The type of tofu used for this hot pot has a texture so smooth it is almost like custard. A spoon is used to scoop irregular chunks of tofu into the very spicy soup. It is sold in thick tube-shaped packaging in Asian grocers. We used soft or silken tofu that is available at any market. You will find this on the menu on almost every Korean restaurant menu. The clams cooked in the fiery broth add a briny component to the stock. This is the equivalent of Korean comfort food.
Tofu and Clam Hot Pot (Sundubu Chigae)
By Taekyung Chung & Debra Samuels, The Korean Table
3 teaspoons dark sesame oil
2 oz (40 g) boneless pork cutlet, cut into thin strips
2 cups (500 ml) Beef Stock or water
12 oz (350 g) soft tofu
1 tablespoon Seasoned Red Pepper Paste
6 fresh clams
Green tops of 2 green onions (scallions), sliced on the diagonal, into 2-in (5-cm) pieces
Sea salt or kosher salt to taste
1. In a medium pot or stovetop casserole, with a lid, add 2 teaspoons the sesame oil. Add the pork and sauté for 2 minutes. Add the stock or water and cover the pot. Cook over medium heat until the mixture comes to a boil. With a soup spoon, scoop pieces of tofu from the block and add to the bubbling soup.
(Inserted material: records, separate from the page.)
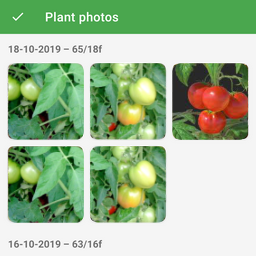 plant photos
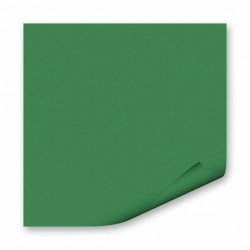 Бумага цветная FOLIA , 130 г/м2, A4,  зеленый мох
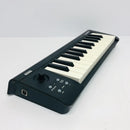Midi Keyboards Pads Microkey-25 25 M2391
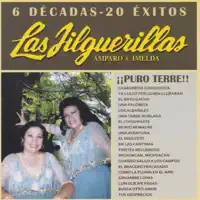una tarde nublada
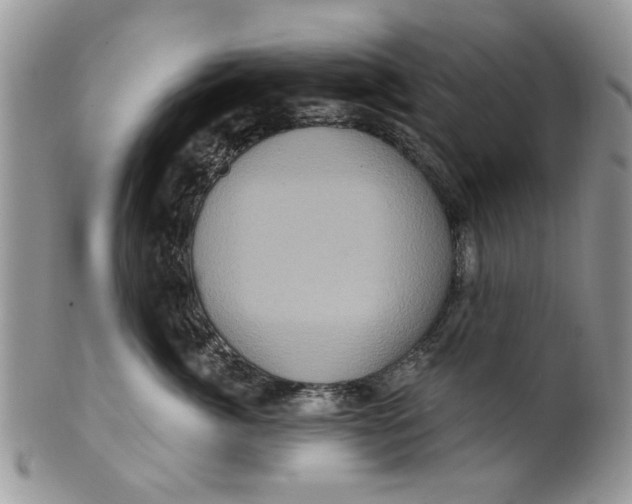 X0000099950764200806131447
2. Add the Seasoned Red Pepper Paste in a small bowl. Add a few tablespoons of the hot soup and mix until the sauce has dissolved. Add the thinned sauce to the soup pot and mix thoroughly. Add the clams to the pot and cover. Cook over medium heat until the shells have opened. Discard any clams that did not open during cooking.
3. Crack the egg into a small bowl and then carefully slip it into the hot soup. Do not stir. Sprinkle on the scallion tops, the remaining 1 teaspoon of sesame oil and cook over high heat for 1 minute, or until the egg is just set. Taste and add some salt to season if needed.